Margaret Mead’s book Coming of Age in Samoa sold millions of copies in numerous lan­guages, was the recognized standard in anthropology for decades, and provided a key “scien­tific” justification for the sexual revolution which is still perverting today’s world and much of the church. The book, however, was a fraud put forth to justify her own adultery and lesbianism. More recent research in Samoa has shown that Mead’s representation of an idyllic native society unspoiled by sexual restrictions was totally false. The facts about Samoan life are exactly the opposite, yet the lie continues to provide “scientific” excuse for immorality worldwide.

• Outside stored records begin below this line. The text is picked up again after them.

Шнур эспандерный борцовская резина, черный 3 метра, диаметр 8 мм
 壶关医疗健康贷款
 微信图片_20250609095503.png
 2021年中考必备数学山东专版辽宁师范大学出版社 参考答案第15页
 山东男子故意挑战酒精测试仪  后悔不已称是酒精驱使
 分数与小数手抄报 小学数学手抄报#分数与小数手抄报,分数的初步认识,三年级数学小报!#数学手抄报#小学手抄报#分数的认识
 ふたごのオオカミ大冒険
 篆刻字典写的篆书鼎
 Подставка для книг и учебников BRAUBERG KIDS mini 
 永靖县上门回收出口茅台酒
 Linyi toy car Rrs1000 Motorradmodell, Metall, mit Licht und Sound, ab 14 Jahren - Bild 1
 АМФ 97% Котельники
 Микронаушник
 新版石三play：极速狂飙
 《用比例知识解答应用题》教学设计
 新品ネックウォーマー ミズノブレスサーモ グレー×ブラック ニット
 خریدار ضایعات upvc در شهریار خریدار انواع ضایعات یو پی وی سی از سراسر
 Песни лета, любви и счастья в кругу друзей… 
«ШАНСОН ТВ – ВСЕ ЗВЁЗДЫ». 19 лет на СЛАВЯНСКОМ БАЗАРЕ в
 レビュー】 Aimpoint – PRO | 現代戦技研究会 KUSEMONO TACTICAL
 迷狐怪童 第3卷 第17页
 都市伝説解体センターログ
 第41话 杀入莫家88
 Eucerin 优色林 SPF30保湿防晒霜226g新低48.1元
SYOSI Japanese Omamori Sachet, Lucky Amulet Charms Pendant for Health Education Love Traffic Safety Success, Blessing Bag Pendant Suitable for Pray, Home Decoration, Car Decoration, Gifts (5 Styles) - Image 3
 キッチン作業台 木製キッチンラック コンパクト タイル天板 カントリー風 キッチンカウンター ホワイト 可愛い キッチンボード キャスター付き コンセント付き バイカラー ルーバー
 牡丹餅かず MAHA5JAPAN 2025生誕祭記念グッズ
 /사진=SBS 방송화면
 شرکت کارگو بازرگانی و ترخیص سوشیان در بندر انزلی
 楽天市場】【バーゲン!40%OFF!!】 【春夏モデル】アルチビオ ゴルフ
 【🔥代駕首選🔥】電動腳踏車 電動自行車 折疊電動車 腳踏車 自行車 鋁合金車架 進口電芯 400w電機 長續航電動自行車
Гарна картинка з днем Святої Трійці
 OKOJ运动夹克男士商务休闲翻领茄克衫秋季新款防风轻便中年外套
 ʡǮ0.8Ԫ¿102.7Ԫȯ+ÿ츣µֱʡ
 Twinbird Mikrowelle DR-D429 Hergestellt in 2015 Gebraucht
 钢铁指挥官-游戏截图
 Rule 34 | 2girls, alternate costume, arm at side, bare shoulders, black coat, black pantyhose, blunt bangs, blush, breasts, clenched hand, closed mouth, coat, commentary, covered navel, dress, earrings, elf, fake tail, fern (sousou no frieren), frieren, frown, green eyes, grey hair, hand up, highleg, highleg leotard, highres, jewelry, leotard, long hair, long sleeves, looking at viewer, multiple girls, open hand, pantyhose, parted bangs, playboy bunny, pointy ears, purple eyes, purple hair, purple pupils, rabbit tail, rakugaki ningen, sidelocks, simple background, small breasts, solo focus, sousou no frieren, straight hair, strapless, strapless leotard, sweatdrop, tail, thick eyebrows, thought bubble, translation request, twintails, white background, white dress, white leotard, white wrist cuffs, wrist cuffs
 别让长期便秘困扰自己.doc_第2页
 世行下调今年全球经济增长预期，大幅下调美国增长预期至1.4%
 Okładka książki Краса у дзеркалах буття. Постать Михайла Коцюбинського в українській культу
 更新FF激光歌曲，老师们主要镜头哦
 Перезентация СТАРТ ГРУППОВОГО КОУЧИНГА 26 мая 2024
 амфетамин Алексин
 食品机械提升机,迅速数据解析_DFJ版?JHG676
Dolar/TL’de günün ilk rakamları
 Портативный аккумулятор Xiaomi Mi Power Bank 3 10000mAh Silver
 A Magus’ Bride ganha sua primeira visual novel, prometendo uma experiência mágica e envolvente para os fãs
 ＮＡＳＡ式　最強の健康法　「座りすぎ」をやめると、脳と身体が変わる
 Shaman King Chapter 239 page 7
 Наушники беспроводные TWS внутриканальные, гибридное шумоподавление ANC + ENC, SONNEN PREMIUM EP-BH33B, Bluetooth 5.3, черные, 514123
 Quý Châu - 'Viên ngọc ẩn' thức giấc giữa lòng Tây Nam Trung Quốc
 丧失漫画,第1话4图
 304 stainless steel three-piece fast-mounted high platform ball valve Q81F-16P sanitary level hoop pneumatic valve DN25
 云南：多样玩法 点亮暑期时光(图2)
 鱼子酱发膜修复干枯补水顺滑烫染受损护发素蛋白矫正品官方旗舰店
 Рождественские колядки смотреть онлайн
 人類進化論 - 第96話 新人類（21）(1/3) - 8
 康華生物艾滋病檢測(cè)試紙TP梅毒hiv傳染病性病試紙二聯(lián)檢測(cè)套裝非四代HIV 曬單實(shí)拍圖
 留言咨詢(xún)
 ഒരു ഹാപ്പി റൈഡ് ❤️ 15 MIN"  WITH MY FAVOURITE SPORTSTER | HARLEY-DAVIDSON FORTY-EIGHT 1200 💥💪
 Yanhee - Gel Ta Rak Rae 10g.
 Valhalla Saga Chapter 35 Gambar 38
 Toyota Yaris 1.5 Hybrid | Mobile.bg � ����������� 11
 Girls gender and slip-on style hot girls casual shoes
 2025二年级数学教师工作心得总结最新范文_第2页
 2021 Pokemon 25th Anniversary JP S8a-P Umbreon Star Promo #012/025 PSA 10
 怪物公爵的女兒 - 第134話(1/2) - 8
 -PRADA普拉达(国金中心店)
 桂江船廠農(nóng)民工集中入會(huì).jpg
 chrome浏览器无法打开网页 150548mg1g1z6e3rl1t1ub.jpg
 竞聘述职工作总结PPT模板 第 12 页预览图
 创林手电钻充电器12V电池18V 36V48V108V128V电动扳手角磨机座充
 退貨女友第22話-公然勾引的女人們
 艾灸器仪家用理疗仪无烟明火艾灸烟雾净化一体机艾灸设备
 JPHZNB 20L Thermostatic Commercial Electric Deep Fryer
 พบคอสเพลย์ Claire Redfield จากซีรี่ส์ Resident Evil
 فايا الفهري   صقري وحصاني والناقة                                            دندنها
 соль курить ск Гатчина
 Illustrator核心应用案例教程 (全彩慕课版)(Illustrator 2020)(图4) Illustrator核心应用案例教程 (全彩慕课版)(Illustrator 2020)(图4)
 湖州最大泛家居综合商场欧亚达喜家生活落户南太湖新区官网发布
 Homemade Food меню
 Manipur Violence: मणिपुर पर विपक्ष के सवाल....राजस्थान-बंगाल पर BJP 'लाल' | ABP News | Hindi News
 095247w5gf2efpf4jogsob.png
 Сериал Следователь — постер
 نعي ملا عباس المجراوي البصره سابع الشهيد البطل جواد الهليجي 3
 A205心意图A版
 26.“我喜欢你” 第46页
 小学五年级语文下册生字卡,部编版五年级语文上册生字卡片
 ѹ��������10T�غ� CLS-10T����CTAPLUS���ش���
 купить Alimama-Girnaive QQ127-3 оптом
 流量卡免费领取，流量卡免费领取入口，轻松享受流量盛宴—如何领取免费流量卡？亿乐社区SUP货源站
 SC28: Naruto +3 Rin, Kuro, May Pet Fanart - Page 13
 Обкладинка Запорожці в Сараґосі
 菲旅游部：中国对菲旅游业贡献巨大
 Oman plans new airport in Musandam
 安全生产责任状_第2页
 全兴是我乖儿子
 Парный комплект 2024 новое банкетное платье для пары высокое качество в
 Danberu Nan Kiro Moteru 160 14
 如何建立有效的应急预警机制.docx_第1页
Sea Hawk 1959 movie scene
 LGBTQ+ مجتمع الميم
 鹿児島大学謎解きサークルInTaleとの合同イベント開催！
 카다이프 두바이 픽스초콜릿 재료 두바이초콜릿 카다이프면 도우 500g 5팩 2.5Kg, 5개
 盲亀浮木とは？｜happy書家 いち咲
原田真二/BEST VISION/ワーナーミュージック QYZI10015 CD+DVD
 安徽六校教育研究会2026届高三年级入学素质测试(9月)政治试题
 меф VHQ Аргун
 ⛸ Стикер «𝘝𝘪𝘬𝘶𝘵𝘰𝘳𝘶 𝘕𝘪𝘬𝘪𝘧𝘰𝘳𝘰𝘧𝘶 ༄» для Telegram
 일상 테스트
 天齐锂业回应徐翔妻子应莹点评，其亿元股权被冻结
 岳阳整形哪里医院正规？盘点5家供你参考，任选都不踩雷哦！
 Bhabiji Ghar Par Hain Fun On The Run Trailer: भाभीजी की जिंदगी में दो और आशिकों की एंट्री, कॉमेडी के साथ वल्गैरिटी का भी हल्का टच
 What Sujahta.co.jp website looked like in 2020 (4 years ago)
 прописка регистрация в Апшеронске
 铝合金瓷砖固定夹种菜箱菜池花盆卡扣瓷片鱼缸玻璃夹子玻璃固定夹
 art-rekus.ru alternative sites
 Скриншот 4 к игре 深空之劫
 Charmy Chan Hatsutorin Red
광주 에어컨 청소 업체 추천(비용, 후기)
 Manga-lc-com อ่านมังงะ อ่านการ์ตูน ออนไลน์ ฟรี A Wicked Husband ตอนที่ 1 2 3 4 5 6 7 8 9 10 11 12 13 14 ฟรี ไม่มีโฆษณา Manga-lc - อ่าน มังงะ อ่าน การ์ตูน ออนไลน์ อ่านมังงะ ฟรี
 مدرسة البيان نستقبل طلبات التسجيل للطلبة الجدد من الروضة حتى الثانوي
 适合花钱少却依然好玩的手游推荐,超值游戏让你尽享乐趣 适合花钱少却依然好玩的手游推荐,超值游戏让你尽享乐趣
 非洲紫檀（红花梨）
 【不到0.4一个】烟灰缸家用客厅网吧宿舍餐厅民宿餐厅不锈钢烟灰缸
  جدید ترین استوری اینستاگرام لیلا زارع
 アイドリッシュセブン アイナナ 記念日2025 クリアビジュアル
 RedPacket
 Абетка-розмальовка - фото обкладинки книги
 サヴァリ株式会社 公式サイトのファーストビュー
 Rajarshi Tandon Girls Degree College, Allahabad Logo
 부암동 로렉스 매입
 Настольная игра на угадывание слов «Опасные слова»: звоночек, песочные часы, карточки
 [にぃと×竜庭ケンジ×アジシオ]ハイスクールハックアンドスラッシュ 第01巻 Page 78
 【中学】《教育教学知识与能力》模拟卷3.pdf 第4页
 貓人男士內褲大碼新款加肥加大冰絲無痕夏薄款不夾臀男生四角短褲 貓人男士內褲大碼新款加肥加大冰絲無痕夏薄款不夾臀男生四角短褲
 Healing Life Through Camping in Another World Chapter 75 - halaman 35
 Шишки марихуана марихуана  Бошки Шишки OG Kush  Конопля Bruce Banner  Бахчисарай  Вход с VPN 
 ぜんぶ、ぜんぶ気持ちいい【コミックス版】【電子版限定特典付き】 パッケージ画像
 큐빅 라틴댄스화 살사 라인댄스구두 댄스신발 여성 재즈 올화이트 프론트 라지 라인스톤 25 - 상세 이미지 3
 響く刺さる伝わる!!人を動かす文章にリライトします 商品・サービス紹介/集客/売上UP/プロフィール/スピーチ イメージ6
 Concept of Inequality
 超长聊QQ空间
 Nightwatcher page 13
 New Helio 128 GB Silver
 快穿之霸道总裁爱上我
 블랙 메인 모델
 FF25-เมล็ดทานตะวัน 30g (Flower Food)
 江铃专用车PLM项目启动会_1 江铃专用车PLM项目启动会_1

In the Hawaiian Islands a revival of native religion, hailed as the recovery of lost tradition, has brought into the open witchcraft practices that survived in secret under a thin veneer of professed Christianity. One follower of native Hawaiian religion, who had been responding openly in an interview, suddenly clammed up when asked about the current use of “evil spells.” After a long, uncomfortable pause, the one being interviewed exclaimed:

I cannot! I’m terrified of it. Nobody talks about the religion. Hawaiians are still being prayed to death by other Hawaiians.[5]

Notes

  1. Herbert Schlossberg, Idols for Destruction (Thomas Nelson, 1983), p. 171.
  2. Sir John Eccles and Daniel N. Robinson, The Wonder of Being Human—Our Brain and Our Mind (New Science Library, 1985), p. 61.
  3. Barbara Slavin, “Ancient cycle of vengeance and violence: African crisis born of centuries of ethnic passions.” In USA Today, November 12, 1996, p. 10A.
  4. R. B. Stratton, Captivity of the Oatman Girls (University of Nebraska Press, 1983).
  5. Tamara Jones, “Fire Goddess Defended: Harnessing of Volcano is Hot Hawaii Issue, “ in Los Angeles Times, February 9, 1988, Part I, pp. 1, 18.